Fin qui i punti forti. A mio parere ci sono dei punti meno sviluppati o più discutibili nel Rapporto. Il primo è la mancanza di un ragionamento sulle condizioni politiche del progetto innovativo. Certo, si afferma la necessità di cambiare le regole, di superare l’unanimità e i suoi veti, di sveltire la macchina dell’Unione. Ma è ampiamente inevasa la domanda su come ottenere politicamente questo risultato, in termini di condizioni di forza, di alleanze da costituire, di passaggi strategici. Il ragionamento resta avvolto da un’aura “tecnica” che è la sua specificità (questo forse è stato il mandato da cui l’autore è partito, o forse è il suo approccio mentale preferito…), ma anche il suo limite. Quasi che basti un ragionamento fondato per creare consenso attorno alla sua realizzabilità.

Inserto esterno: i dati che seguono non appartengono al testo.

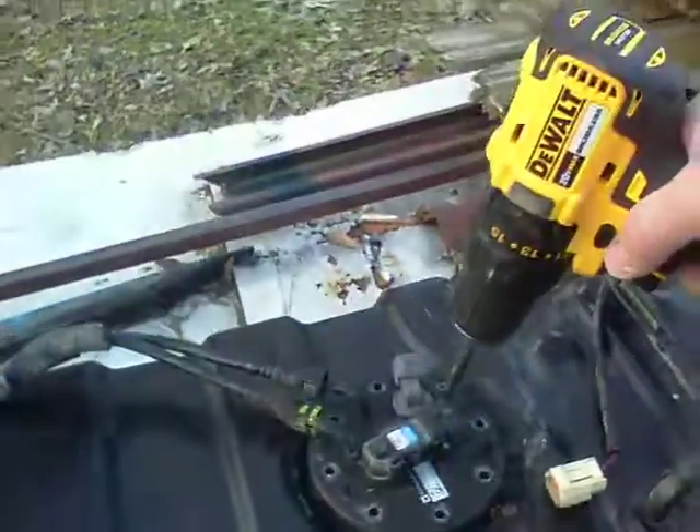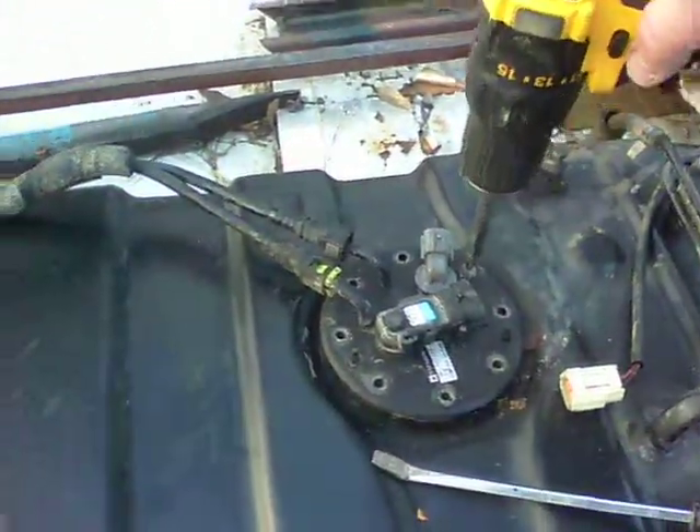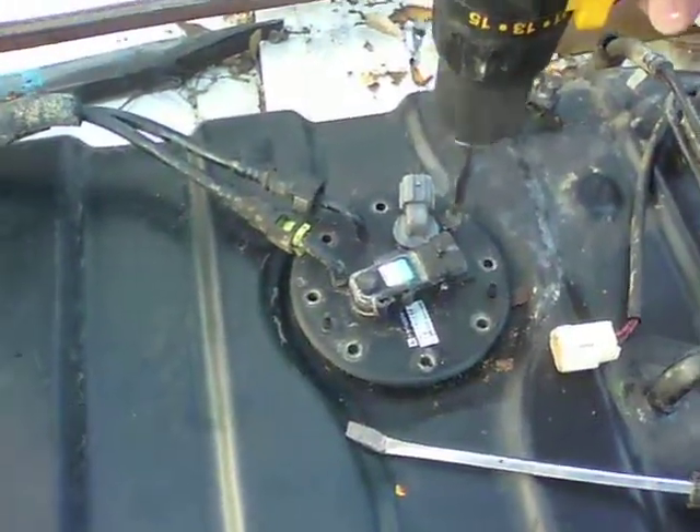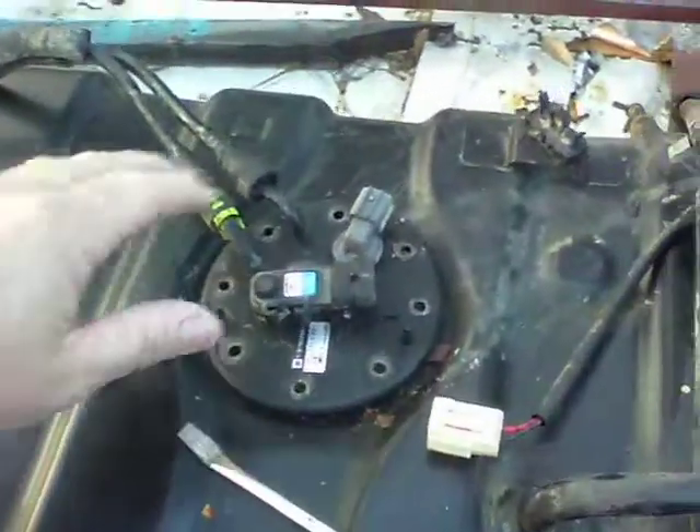I'm removing this fuel pump from a 1998 Isuzu Trooper that I bought for restoring. I was told that it's been sitting for a couple of years. Let's see what it looks like.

Il secondo aspetto un po’ fragile è la mancanza di un ragionamento sulla sostenibilità sociale di tutto il discorso. Va bene la sostenibilità ambientale, ma non è ora di completare il ragionamento, intrecciando il rapporto degli esseri umani con il mondo naturale con il rapporto degli esseri umani tra loro? Richiamiamo qui la “ecologia integrale” di papa Francesco. Ci sembra cioè sempre più urgente mettere in luce che un futuro più pulito e sostenibile deve essere anche un futuro più equo e giusto, che tagli le punte inaccettabili del capitalismo neoliberista di rapina, che ridimensioni il potere dei grandi gruppi economici globali, che ragioni di fisco in un modo diverso dagli ultimi trent’anni.
Il terzo elemento meno condivisibile è l’enfasi sulla sicurezza. Non che il problema non sia reale: lo scenario è cambiato rispetto ad alcuni anni addietro, certamente. Non si può probabilmente come europei nascondersi dietro l’enorme apparato militare statunitense. Ma da qui a dire che basti un rilancio dell’investimento nell’industria militare a ridare sicurezza ai cittadini europei, ce ne corre. Anzi, bisognerebbe forse ragionare al contrario: più Europa vorrebbe dire anche risparmi e razionalizzazioni sulla difesa (per cui la somma dei singoli Stati dell’Ue costituisce già oggi il secondo bilancio militare al mondo). I quali risparmi sono la premessa, assieme al rilancio della capacità mediatoria e diplomatica dell’Europa come «potenza civile», per smontare il rischio di aggravare semplicemente con un riarmo senza freni il clima culturale e psicologico di guerra permanente dei nostri giorni e quindi rilanciare una sicurezza più solida e sostenibile delle cittadine europee e dei cittadini europei.